Against voluntarism, so typical of left-wing political forms, this incarnation of the Idiot as character stands stubbornly in denial. One anticipates, as in the also tired reaction of the spokesman, the tendencies of post-revolutionary voluntarism that, independently of its social and cultural conquests, tends to become a massacre to those who present a slight resistance, essentially mental, to the process (Mandelstam, etc.). The Man of the hoe, penultimate incarnation of the Idiot as character of thought, resists in order to protect life from the territorial-political structures gone mad, that would subject it to far too sudden accelerations and stops.

2 comentários:

Andy Rector disse...

Insofar as I understand involuntarism, and with this translation I've come closer, I believe that in the history of forms, as it were, it has a clear literary antecedent: Jaroslav Hašek's GOOD SOLDIER SCHWEIK. It must be read to be believed, the constant shock of the character Schweik's opposing positions in a politicized landscape where even his life is at stake (in war, chain of command, etc). Said Brecht about Schweik: "Reading the old Schweik in the train, I am again overwhelmed by Hašek's grand panorama and by the genuinely unconstructive attitude of the people, which, being itself the only constructive element, cannot take a constructive attitude to anything else. Under no circumstances must Schweik become (BB was writing a stage version of the book) a cunning underhanded saboteur. he is just an opportunist specializing in exploiting the little opportunities that remain open to him. Inasmuch as he approves of any kind of order, he honestly approves of the existing order, destructive as its consequences are for him, even a nationalist order which he experiences as a form of oppression. His wisdom is devastating. His indestructibility makes him the inexhaustible object of maltreatment and at the same time fertile ground for liberation." (27 May, 1943)

J. disse...

Nunca ouvi em lado nenhum que este trabalhador fosse o Idiota a não ser aqui. Nunca ouvi também de nenhum comentador nenhuma depreciação àcerca da resistência deste homem em dar a ferramenta, ciente que está e estamos de que as ferramentas não são as mesmas e não são tratadas da mesma forma, e que, portanto, como ele, também quereríamos levar a nossa enchada para casa.
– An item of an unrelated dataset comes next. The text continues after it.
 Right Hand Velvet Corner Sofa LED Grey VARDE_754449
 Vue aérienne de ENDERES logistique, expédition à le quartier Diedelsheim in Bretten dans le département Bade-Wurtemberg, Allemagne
Esta leitura das vanguardas voluntaristas que querem colectivizar tudo e um par de botas é uma leitura grosseira e abusiva sobre uma cena que representa muito menos ou nada disso e muito mais a aprendizagem por parte de vários elementos (nenhum letrado todos idiotas neste sentido se é este o sentido do idiota) do que é conseguirem construir o seu mundo em conjunto, em começar de novo, em acreditar uns nos outros.
A Cooperativa desempenha nesta cena um lugar mais cómico que assustador, muito mais uma construção do que pode ser. E é neste diálogos e nestas negociações que se faz.
Querer ver o papão do estalinismo e vanguardas iluminadas a oprimir os seres livres é tão redutor como preconceituoso. E desadequado porque, ao que tudo indica, o realizador nem está perto do comunismo ou de qualquer "esquerda".